Those solutions are unnecessarily verbose. Instead, we could use a with clause if all we want to do is retry.

@task
def foo():
  with retry(max_retries=10, interval_start=0, interval_step=5, interval_max=120):
    first_operation()

  with retry(max_retries=3, interval_start=0, interval_step=0.2, interval_max=1):
    second_operation()

By default messages which cannot be re-published will be stored in the Messages Backlog.

Implementers may provide other fallbacks such as executing the retried task in the same worker or abandoning the task entirely.

Some operations are not important enough to be retried if they fail.

Example

We’re implementing a BI system that records mouse interactions.

The BI team has specified that it wants to store the raw data and the time span between interactions. Since we have a lot of data already, if the system failed to insert the raw data into the data store then we should not fail. Instead, we should emit a warning. However, the time span between mouse interactions is critical to the BI team’s insight and if that fails to be inserted into the data store we must retry it.
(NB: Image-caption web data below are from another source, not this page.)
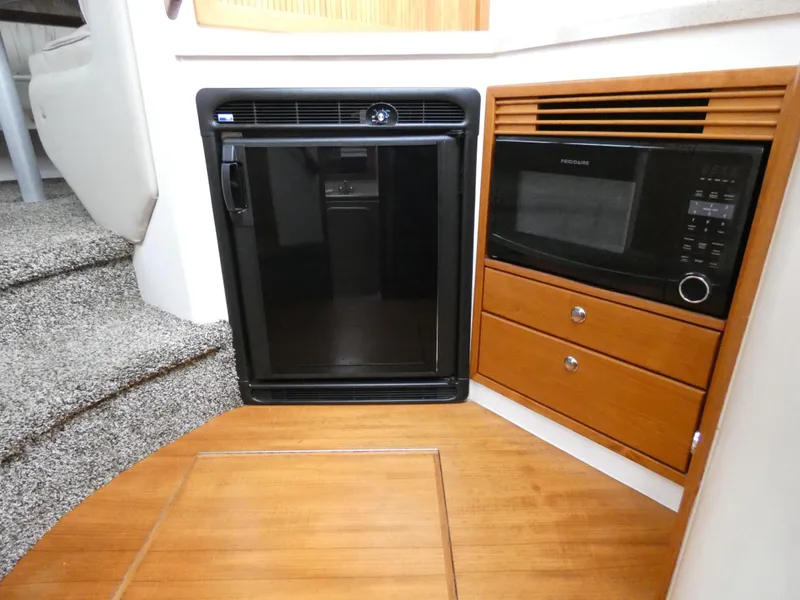 Refrigerator and Microwave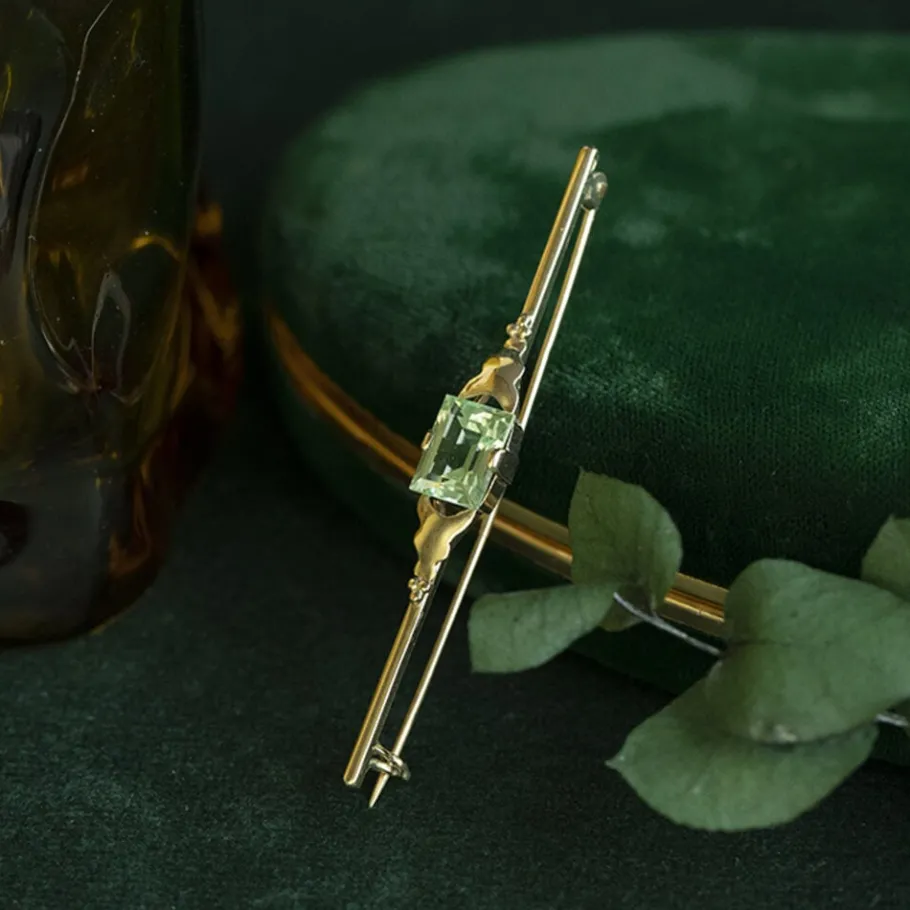 Gold brooch with green spinel 14 krt>Vintage Jewellery Discount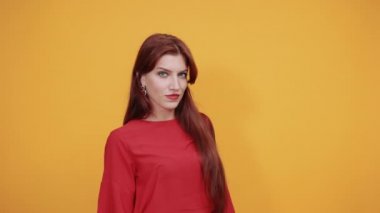 Kızıl kadın göz kırpıyor ve çok hoşuna gittiği için şaşırtıyor..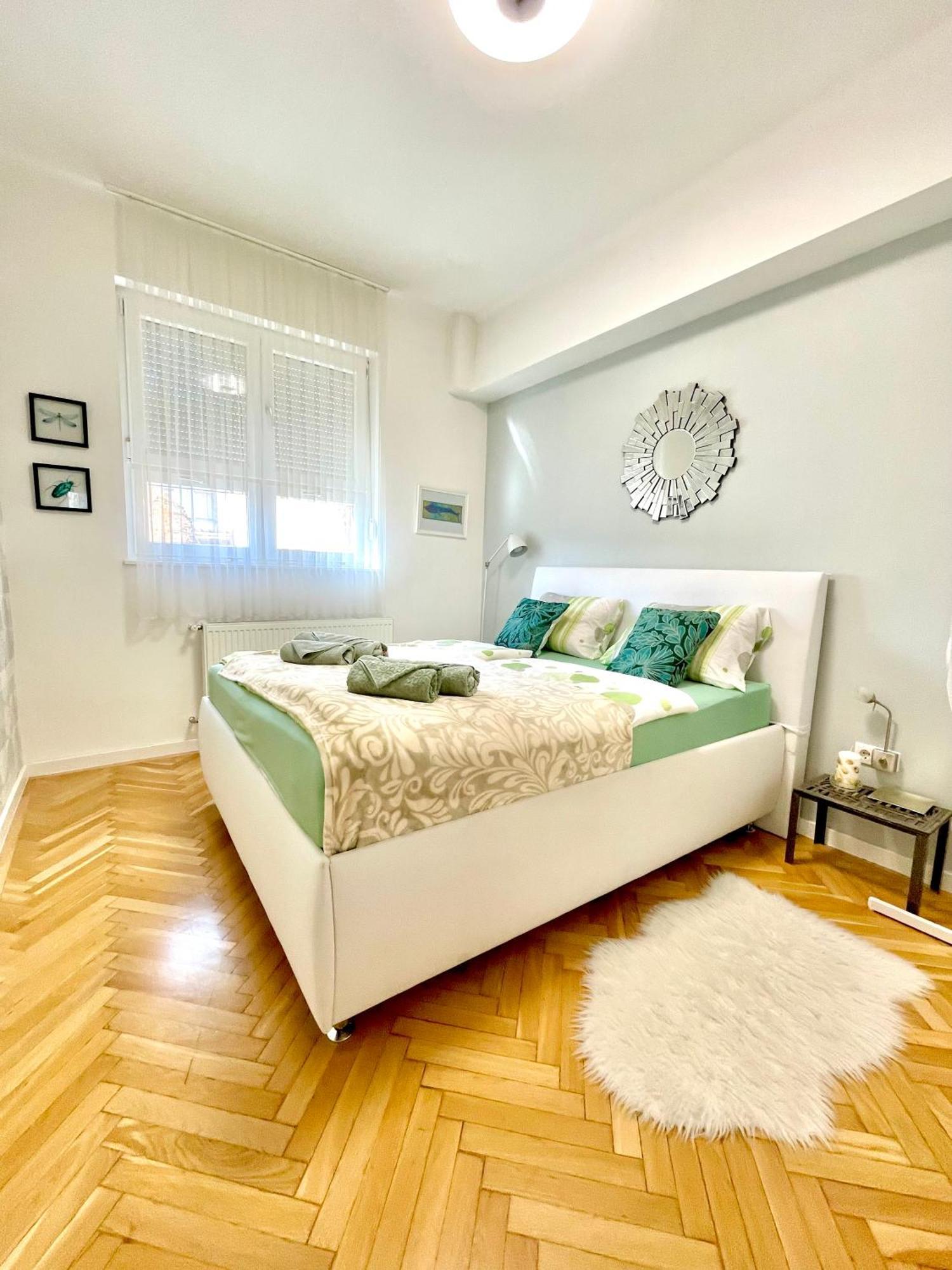 Mint Pearl Apartment 3 Rooms 2 Bathrooms At Kalvin Square Budapest Ngoại thất bức ảnh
Such a task can be defined using the optional context manager.

@task
def foo(raw_data):
  # Using default retry policy
  with optional():
    # ignore retry policy and proceed
    insert_raw_data(raw_data)

  with retry(max_retries=10, interval_start=0, interval_step=5, interval_max=120):
    calculation = time_span_calculation(raw_data)
    insert_time_spans(calculation)

In case of a failure inside the optional context manager, a warning is logged.

We can of course be more specific about the failures we allow:

@task
def foo(raw_data):
  # Using default retry policy
  with optional(ConnectionError, TimeoutError):
    # ignore retry policy and proceed
    insert_raw_data(raw_data)

  with retry(max_retries=10, interval_start=0, interval_step=5, interval_max=120):
    calculation = time_span_calculation(raw_data)
    insert_time_spans(calculation)
Health Checks

Health Checks are used in Celery to verify that a worker is able to successfully execute a task or a service.

The Scheduler is responsible for scheduling the health checks for execution in each worker after each time the configured period of time lapses.

Whenever a health check should be executed the Scheduler instructs the Publisher to send the <health check name>_expired Event Message to each worker’s Inbox Queue.

Workers which have tasks subscribed to the event will execute all the subscribed tasks in order to determine the state of the health check.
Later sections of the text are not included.